# Case study: MNIST hand-written digits dataset

##### License: Apache 2.0


This notebook shows how to use *giotto-tda* to generate features for classifying digits. We first show how to build a few topological features and present a pipeline extracting a very large amount of features for classification.

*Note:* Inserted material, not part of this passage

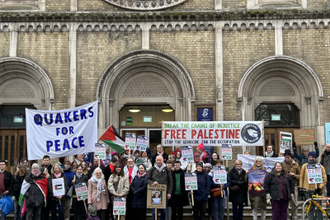 Leaving Bloomsbury Central Baptist Church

The MNIST database of handwritten digits with 784 features, raw data available at: http://yann.lecun.com/exdb/mnist/. It can be split in a training set of the first 60,000 examples, and a test set of 10,000 examples.

## Import libraries
The first step consists in importing relevant *gtda* components and other useful libraries or modules.

In [None]:
from gtda.images import Binarizer, Inverter, ImageToPointCloud, HeightFiltration, DilationFiltration, RadialFiltration, ErosionFiltration, SignedDistanceFiltration
from gtda.homology import CubicalPersistence
from gtda.diagrams import ForgetDimension, Amplitude, Scaler, PersistenceEntropy, BettiCurve, PersistenceLandscape, HeatKernel, Silhouette
from gtda.plotting import plot_heatmap, plot_betti_curves, plot_diagram
from sklearn.pipeline import Pipeline, make_pipeline, FeatureUnion, make_union
from sklearn.ensemble import RandomForestClassifier
from sklearn.model_selection import GridSearchCV
from sklearn.metrics import classification_report
import numpy as np

# This would be quite nice but is available with sklearn >= 0.23
# from sklearn import set_config
#set_config(display='diagram') 

## Loading the MNIST dataset

In [None]:
from sklearn.datasets import fetch_openml

(X, y) = fetch_openml(data_id=554, return_X_y=True)
X = X.reshape((-1, 28, 28))

In [None]:
# For a full-blown example, you can set 
# n_train, n_test = 60000, 10000
n_train, n_test = 60, 10

X_train = X[:n_train]
y_train = y[:n_train]
X_test = X[n_train:n_train+n_test]
y_test = y[n_train:n_train+n_test]

print(X_train.shape, y_train.shape, X_test.shape, y_test.shape)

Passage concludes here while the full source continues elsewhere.